Just to mention a modification on the "simple and intuitive cardinality estimator" that's far more accurate and actually used for Google's SZL:
Given N objects, hash each object and store the lowest M (s.t. M << N) hashes, then calculate what percentage of hash space is covered and compare to how much of the hash space would be expected to be covered.
This removes the issue of having to assume the N objects are distributed evenly as hash(object) should exhibit that property.
I actually cover that in the post (well, more or less - I talk about hashing to remove bias, after talking about the 'min element' algorithm. According to the papers cited, though, taking the count of leading zeroes is more space efficient, allowing you to have more buckets in the same amount of space.
The hashing isn't the point. The leading zeroes method is more likely to produce unreliable results when you can't guarantee the dataset will be large in advance whilst the "keep min M elements" method works fine for unexpectedly small sets. That's why it's used for SZL where the user can request approximate unique counts on any data regardless of size.
Have you read the papers I linked in detail? Some of them, such as HyperLogLog, provide corrections to give better estimates for small sets, and although I can't follow the proof in its entirety, they claim to be more efficient than the alternatives, including the one you propose.
I can't resist mentioning a favorite algorithm of mine for solving a related problem. It generalizes the algorithm for the classic problem of finding the majority element (one which occurs at least 50% of the time) with a single pass over a stream, using a constant amount of space, and a second sieving pass. It's one of those simple gems you wonder why it took so long to discover.
Note that this algorithms fails silently if there is not majority element, which limits the scope of its utility.
I assume that the reason it took so long to discover is that no one needed the solution before. Are there applications that can benefit form this algorithm?
You can do a second pass over the list to check that your solution is actually a majority element. This maintains the linear time and constant space properties.
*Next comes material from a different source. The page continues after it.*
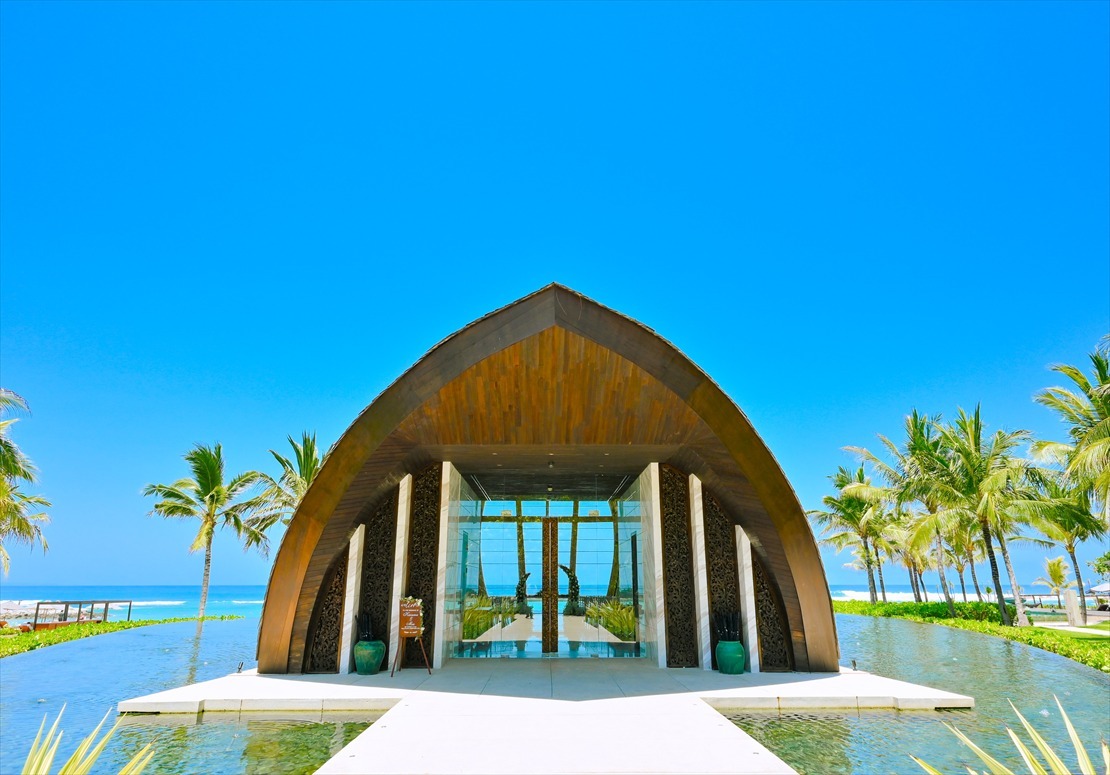 ケンピンスキ・バリ ウェディング　アプルヴァ・オーシャンフロント・チャペル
Fwiw, I believe the best estimator has been improved on since HyperLogLog, with a more recent result that is provably optimal (and slightly faster asymptotically, dropping the loglog factor), which perhaps more importantly can also process streamed data online: http://people.seas.harvard.edu/~minilek/papers/f0.pdf
That is mind-blowing. Intuitively, a hash digest is completely uncorrelated with its input, but this shows that you can make inferences about a collection of data based on its hashes.
In retrospect, it makes sense stochastically, but still a Damn Cool Algorithm indeed.
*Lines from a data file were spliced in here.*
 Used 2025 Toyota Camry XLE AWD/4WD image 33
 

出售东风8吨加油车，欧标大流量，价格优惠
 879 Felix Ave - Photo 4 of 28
> Other hash applications (like hash tables) don't need that property
I'm unclear on what you guys mean by correlation, but if it means what I think it does I disagree with this. A hash table ideally has an uniform distribution regardless of the input, so any structured correlation with the input will harm this goal in real-world applications.
That's not what I said. Generating a predictable distribution by hashing is old hat.
What's awesome is you can then make inferences about the original data from those hashes -- something that good hash functions are supposed to be resistant to, in isolation.
A minor nitpick... 'cardinality' in mathematics refers to a set of infinities. The set of all integers has a certain cardinality, which is equal to the cardinality of all rational numbers, but which is smaller than the cardinality of all irrational numbers.
"Size estimation" is sufficient; no need to get fancy with words you don't know the meaning of.
The OP is correct. Cardinality in mathematics is the number of elements in a set[1]. What you are probably referring to is the concept of cardinal numbers[2]. I guess you can skip the smug tone.
Given N objects, hash each object and store the lowest M (s.t. M << N) hashes, then calculate what percentage of hash space is covered and compare to how much of the hash space would be expected to be covered.
This removes the issue of having to assume the N objects are distributed evenly as hash(object) should exhibit that property.
[1] My naive Python implementation for tests on the NLP WSJ corpus -- https://github.com/Smerity/Snippets/blob/master/analytics/ap...
[2]: Szl's implementation -- http://code.google.com/p/szl/source/browse/trunk/src/emitter...